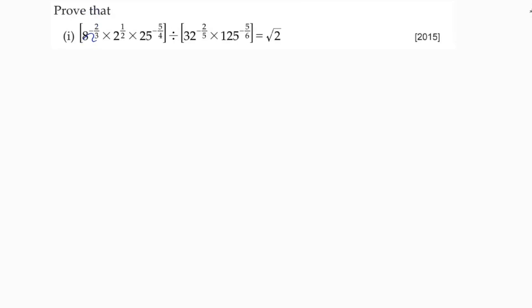Prove that 8 power minus 2 by 3, into 2 power 1 by 2, into 25 power minus 5 by 4, divided by 32 power minus 2 by 5 into 125 whole power minus 5 by 6. I'll write each base with the help of prime factors in simplest form.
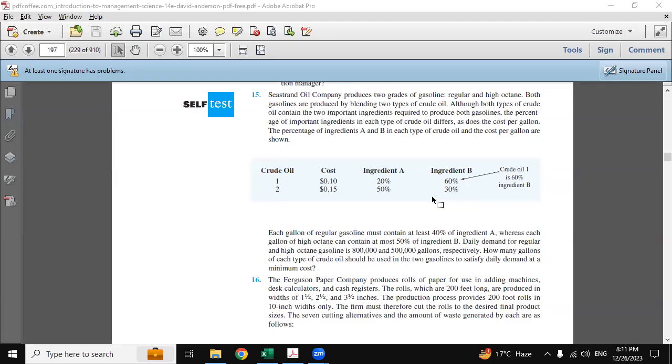Hello everyone, hope you all are doing good. Myself Arun and today in this video we are going to discuss the solution of this linear programming question. Seashore Oil Company produces two grades of gasoline: regular and high octane.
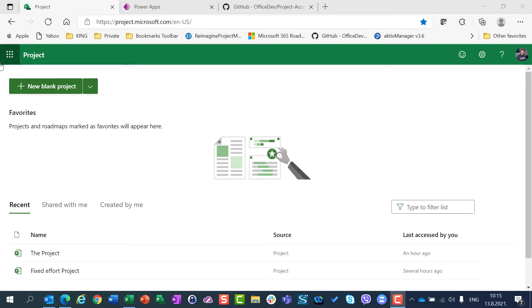Hello ladies and gentlemen. Today I am going to introduce Project Accelerator. First of all, let me show you Microsoft Project for the web.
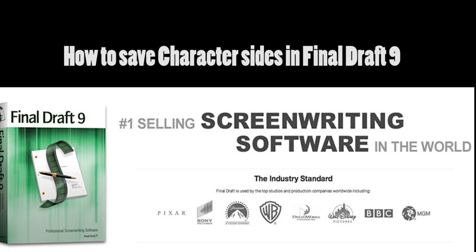This will be a brief tutorial on how to save character sides in Final Draft 9 and probably can also be applied to previous versions of Final Draft, such as 7 and 8.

▸ **WORK ORDER**
Print only the lines running from the one containing "Hello ladies and" to the end of the data above, exactly; include no pictures.

▸ **SOLUTION TO THE EXERCISE**
Hello ladies and gentlemen. Today I am going to introduce Project Accelerator. First of all, let me show you Microsoft Project for the web.
This will be a brief tutorial on how to save character sides in Final Draft 9 and probably can also be applied to previous versions of Final Draft, such as 7 and 8.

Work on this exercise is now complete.